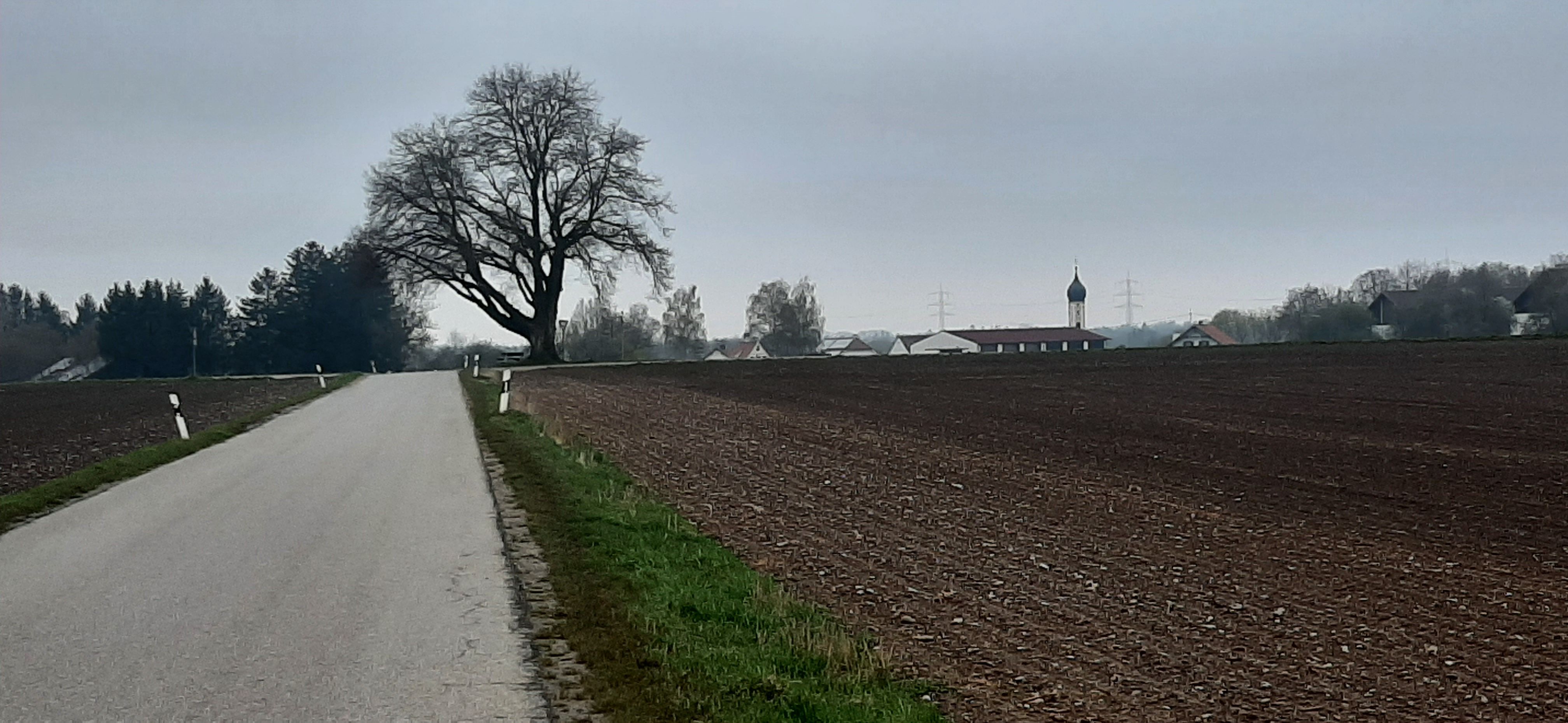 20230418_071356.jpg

--

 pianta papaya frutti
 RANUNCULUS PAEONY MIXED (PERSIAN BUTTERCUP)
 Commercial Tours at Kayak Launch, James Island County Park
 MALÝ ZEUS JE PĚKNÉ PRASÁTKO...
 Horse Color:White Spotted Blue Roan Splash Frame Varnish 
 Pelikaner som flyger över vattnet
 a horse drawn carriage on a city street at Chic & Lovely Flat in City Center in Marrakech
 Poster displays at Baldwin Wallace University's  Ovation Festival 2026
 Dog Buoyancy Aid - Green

§ **Assignment**
Word for word, restate the lines of the data above that fall between the line holding "MALÝ ZEUS JE PĚKNÉ PRASÁTKO..." and the line holding "Dog Buoyancy Aid - Green", inclusive, and no other lines.

§ **Completed exercise**
 MALÝ ZEUS JE PĚKNÉ PRASÁTKO...
 Horse Color:White Spotted Blue Roan Splash Frame Varnish 
 Pelikaner som flyger över vattnet
 a horse drawn carriage on a city street at Chic & Lovely Flat in City Center in Marrakech
 Poster displays at Baldwin Wallace University's  Ovation Festival 2026
 Dog Buoyancy Aid - Green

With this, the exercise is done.